At 21 Sherry took her self-destructive career inside and went to work at Nevada's Mustang Ranch, where she stayed for 10 years.

"Lovers," acrylic on canvas

"I was a broken soul with a horrible meth addiction," she said. "Every woman I knew at the time was in the same boat; broken and spiritless, nothing more than victims allowing ourselves to be victimized over and over and over again."

Into the light
Sherry wanted to change her life, but felt trapped and didn't know how to get out. Then one of her customers made her an offer she couldn't refuse.

"A man came into the ranch, paid for me, and when we were done, told me I shouldn't be there," she said. "Yeah, well, how many times did I hear that one?"

This time was different; they made a deal. He would pay Sherry's rent and bills while she went to school and got back on her feet. She was not his mistress, and the only string attached was her promise to not return to prostitution. They both held up their end of the bargain and are still close friends.

"Passion," acrylic on wood

"Being lost for so long, and then pulling yourself out and into the light is a very empowering experience," she said. "Taking control of your life instead of just taking what comes to you is the most amazing rebirth you can go through."

"I can see both sides because I've lived both sides," she said. "I know the depths of pain and I've wallowed in the hell we can create for ourselves. I know the bliss of loving myself and all that follows in the light.

"My spirituality is also inspiration – the one mind and one heart that flows through all of us is pure beauty. I see it, breathe it and live it."

Creative nurturing
Sherry's life transformation has included earning her graphic design degree, raising her 16-year-old son and watching her older brother explore his creative side.

"We are all creative beings, but just like math and reading, creativity needs to be nurtured, encouraged and practiced," she said. "I don't believe most folks see the value of creating, therefore, schools don't place much importance on it.

"Seeing my brother's inner-artist emerging is very exciting."

Sherry's son also paints, though right now his focus is on finishing high school and buying a car, so his brushes have been put on a shelf for later use.

"Protection," acrylic on canvas

"I'm extremely proud of my son and he is supportive of my work and career choice, though in the beginning he wished I had stayed at Intel.
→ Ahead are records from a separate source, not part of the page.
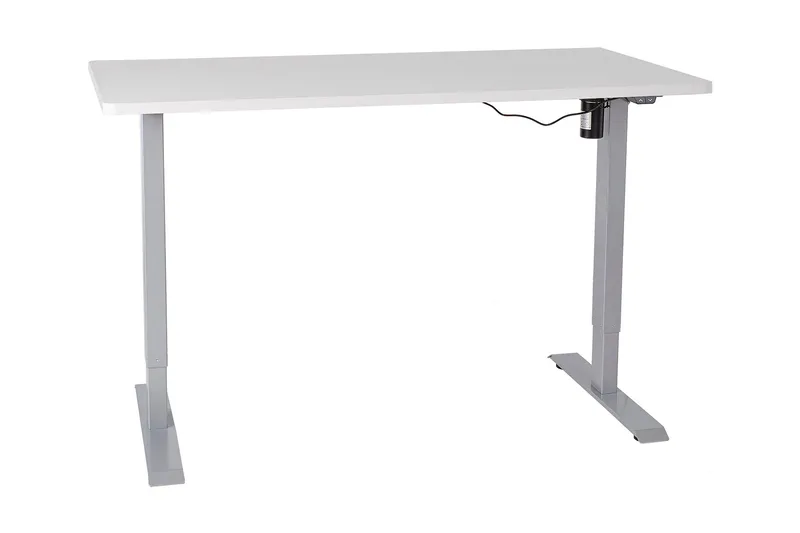 Ergosum Skrivbord 140 cm Höj-och Sänkbar, Grå/Vit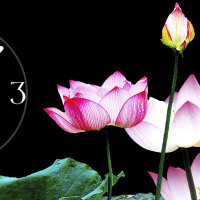 Wanduhr XXL 3D Optik Dixtime pink Lotus Blüte 50x70 cm leises Uhrwerk GR-024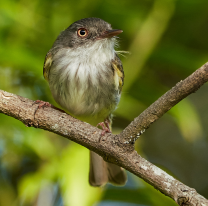 Orán es el departamento con más especies de aves de Argentina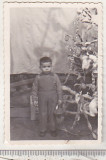 Bnk foto - Copil cu jucarie langa bradul de Craciun, Alb-Negru, Romania de la 1950, Portrete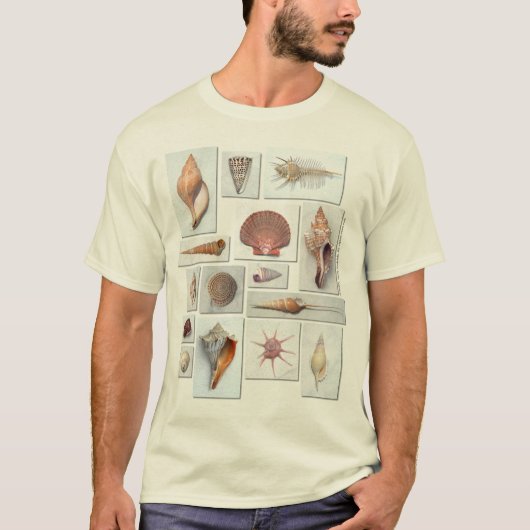 貝のワイシャツ Tシャツ (正面)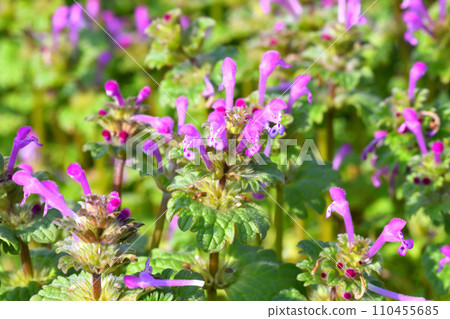 霍托肯諾扎 110455685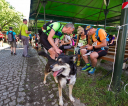 fot-tomasz-sowa-img_7559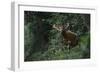 Bongo (Tragelaphus Eurycerus) Mbomo-Pete Oxford-Framed Photographic Print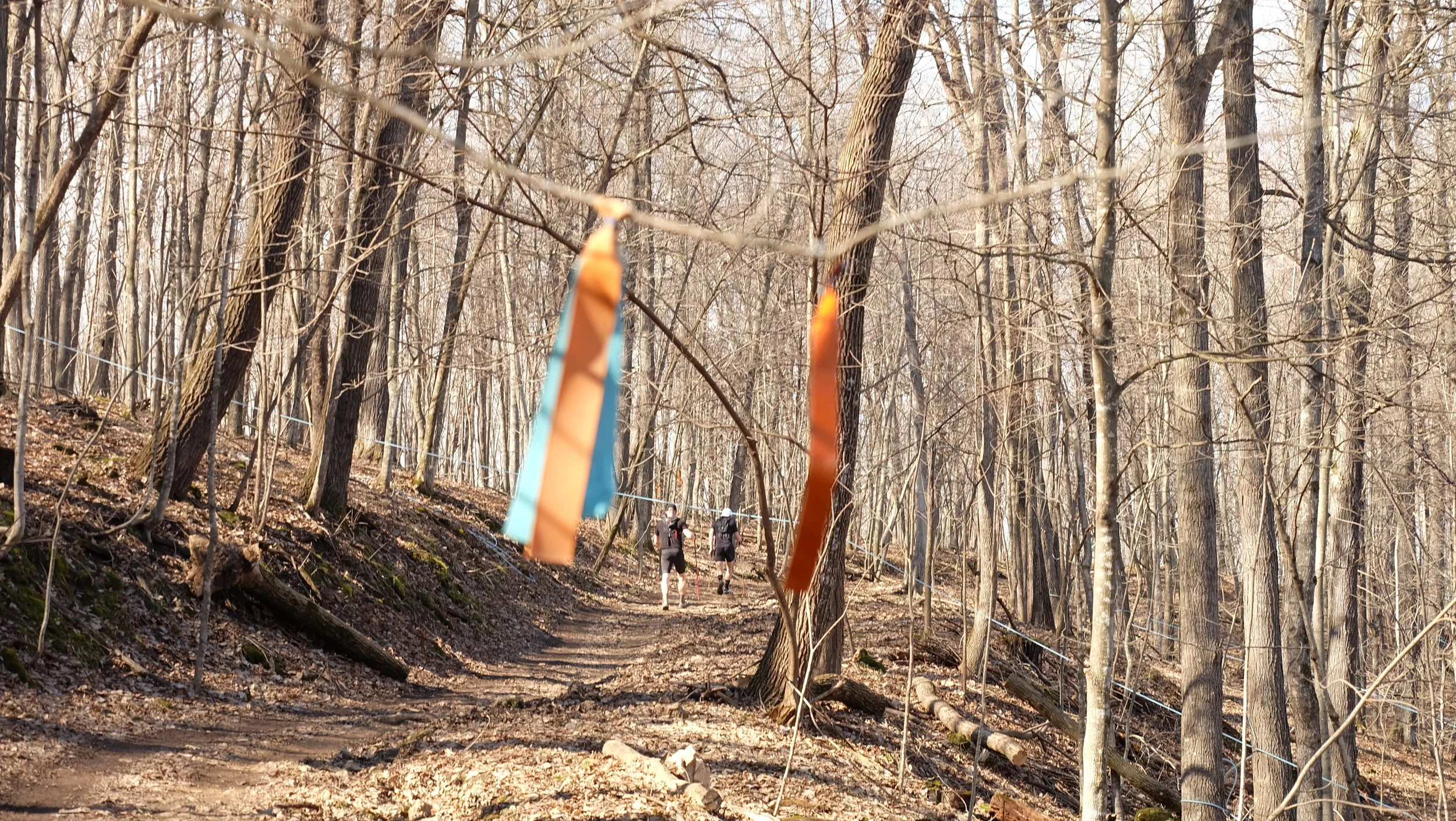 Embark Maple Energy Sap Run Scramble 2026 (69).JPG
I feel I've taught him a real lesson in leaving the nine-to-five: live your passion, be true to who you are and, please oh please, don't live out of fear."

Cheaper than therapy
Sherry's goal is to just keep doing what she's doing, telling her story and sharing her experiences via the brush and canvas.

"I hope others can feel my intent when they view the work and maybe say 'oh yes, I know what you mean,'" she said. "I'd like to help other women who have been in my shoes to see their beauty through art. It's been such a blessing in my life, and it's way cheaper than therapy!"

For Sherry, motivating people to realize that they can create, no matter what they think, is like transforming a caterpillar into a magnificent winged being ready for flight.

"And we all know," she said, "that when you're confident enough to strut your stuff, you can fly and never come down!"